Falsity and freedom of expression
[14.] The second flaw is implicit in the observation that in absence of constraints on the freedom of expression, the objective of upholding truth would be defeated. This presupposes that to extend the constitutional protection of freedom of expression to false statements is incompatible with 'upholding truth'. In my view, there is no such incompatibility. Extending protection of the freedom of expression to false statements does not necessarily defeat the objective of upholding the truth, because while truth and falsity are mutually exclusive, the purposes for protecting both are not. I will return to that later in this judgment. I will first consider whether the constitutional provision pertaining to the protection of the right to freedom of expression, and to the limitation of its enjoyment, lend any credence to the supposition that the protection does not extend to false expressions.
[15.] The Constitution, declares the right to freedom of expression in article 29 thus: '(1) Every person shall have the right to (a) freedom of speech and expression, which shall include freedom of the press and other media'. That declaration does not stipulate or specify what a person is free to say or express. The Constitution, unlike its 1967 predecessor, does not provide a definition of the freedom of expression or of the press. Nor does it describe the scope of that freedom. Even the Press and Journalist Act (Cap 105), which was enacted in 1995 'to ensure the freedom of the press', does not define that freedom. Nevertheless, there is not dispute as to what that freedom encompasses. In the 1967 Constitution, and before that, in the Independence Constitution of 1962, the freedom of expression was defined as 'freedom to hold opinions and to receive and impart ideas and information without interference ...' I do not think that the omission to include that definition in the Constitution altered the meaning or character of the freedom as previously defined. The definition still holds good. It is also instructive to look at definitions of the same freedom in international instruments, to which Uganda is party. The African Charter on Human and Peoples' Rights simply states in article 9 that '1. Every individual shall have the right to receive information; 2. Every individual shall have the right to express and disseminate his opinions within the law.'
[16.] However, in order 'to elaborate and expound on the nature, content and extent of the right provided for under article 9', the African Commission on Human and Peoples' Rights in its 32nd ordinary session in October 2002, adopted the Declaration of Principles on Freedom of Expression in Africa, and recommended to the African States to guarantee the freedom thus
Freedom of expression and information, including the right to seek, receive and impart information and ideas, either orally, in writing or in print, in the form of art, or through any other form of communication, including across frontiers, is a fundamental and inalienable human right and an indispensable component of democracy.

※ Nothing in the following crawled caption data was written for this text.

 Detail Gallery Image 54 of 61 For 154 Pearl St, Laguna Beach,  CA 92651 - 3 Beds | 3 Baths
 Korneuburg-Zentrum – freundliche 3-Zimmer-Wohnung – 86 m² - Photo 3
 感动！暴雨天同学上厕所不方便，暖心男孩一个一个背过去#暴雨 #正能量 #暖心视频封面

Everyone shall have an equal opportunity to exercise the right to freedom of expression and to access information without discrimination.

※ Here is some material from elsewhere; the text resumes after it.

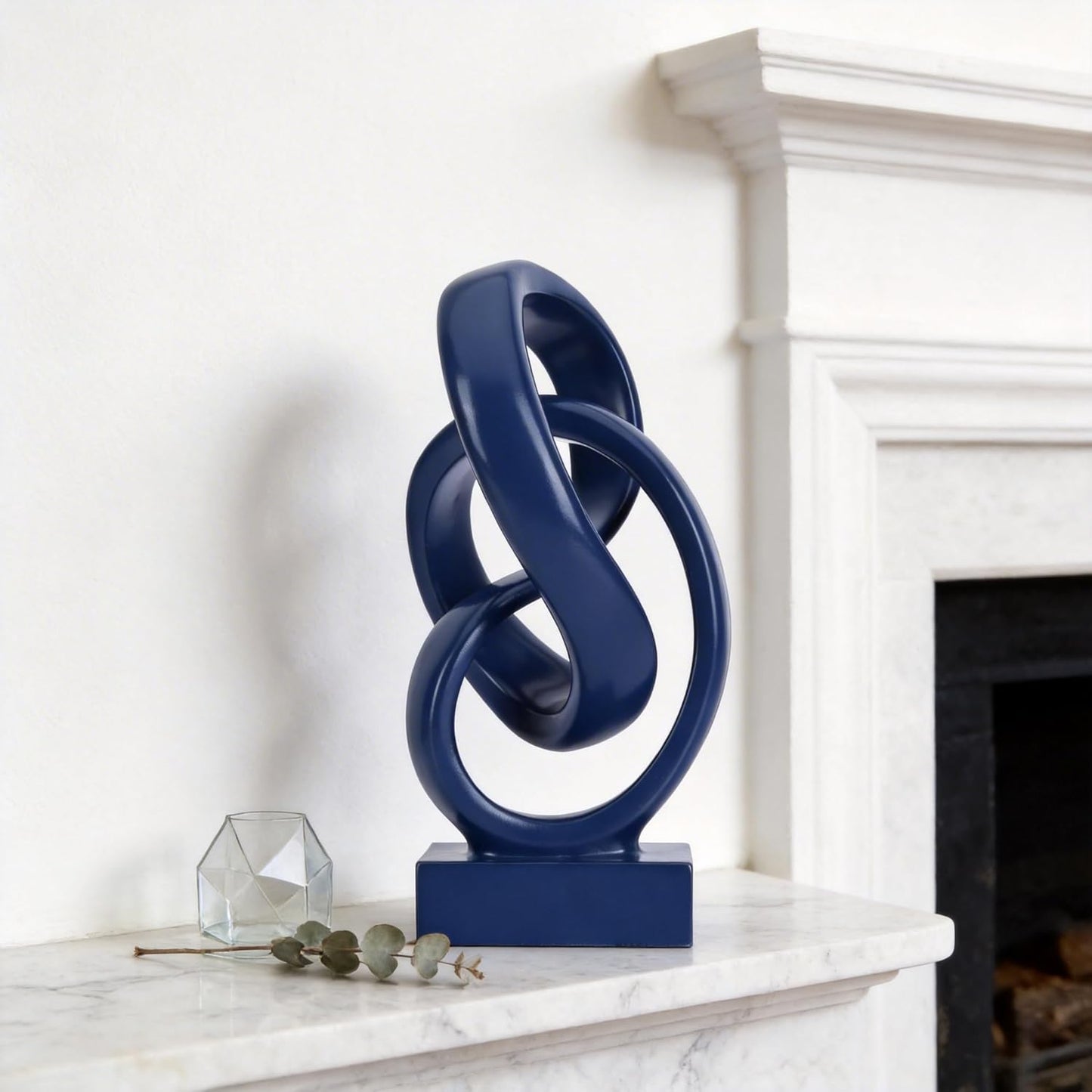 Modern Abstract Knot Sculpture, Artistic Mobius Inspired Resin Decor, Elegant Home and Office Decor, Perfect for Shelves, Desktops, and Mantles, Ideal Gift for Birthdays, Housewarmings (Black)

[17.] In the International Covenant on Civil and Political Rights, article 19 provides
Everyone shall have the right to hold opinions without interference.

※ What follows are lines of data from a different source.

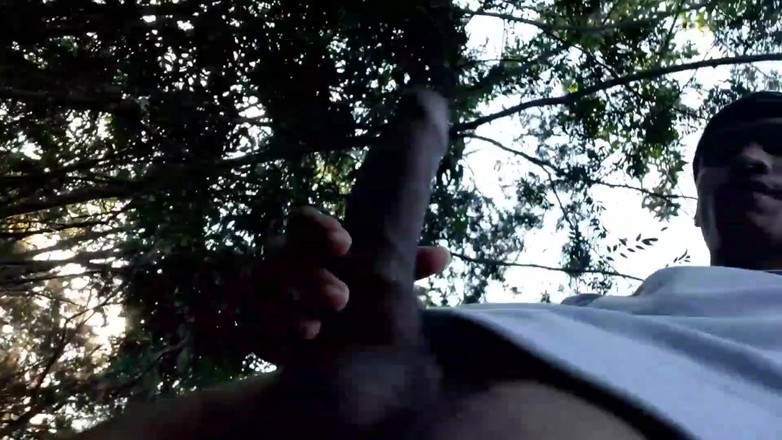 vergar4_daviid: Tânărul exhibiționist își arată pula în timp ce se plimbă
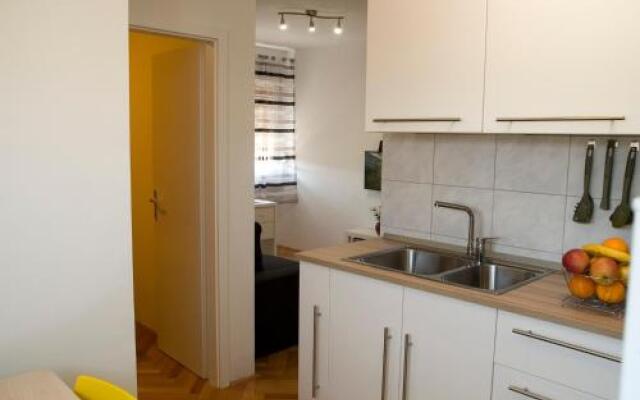 Apartments Zvone
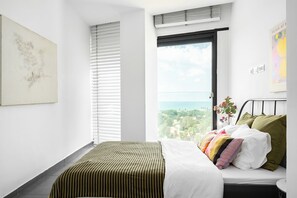 Iron/ironing board, WiFi, bed sheets - 3BR Elifelet Luxury Pool and Balcony (Tel Aviv-Yafo)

Everyone shall have the right to freedom of expression, this right shall include freedom to seek, receive and impart information and ideas of all kinds, regardless of frontiers, either orally, in writing or in print, in the form of art, or through any other media of his choice.
[18.] From the foregoing different definitions, it is evident that the right to freedom of expression extends to holding, receiving and imparting all forms of opinions, ideas and information. It is not confined to categories, such as correct opinions, sound ideas or truthful information. Subject to the limitation under article 43, a person's expression or statement is not precluded from the constitutional protection simply because it is thought by another or others to be false, erroneous, controversial or unpleasant. Everyone is free to express his or her views. Indeed, the protection is most relevant and required when a person's views are opposed or objected to by society or any part thereof, as 'false' or 'wrong'. I think, with due respect, to the learned Berko JA, he misconstrued what was in issue when he said
the democratic interest cannot be seen to require (sic) citizens to make demonstrably untrue and alarming statements under the guise of freedom of speech and expression. The section prohibits illegal and criminal conduct under the cover of speech and expression.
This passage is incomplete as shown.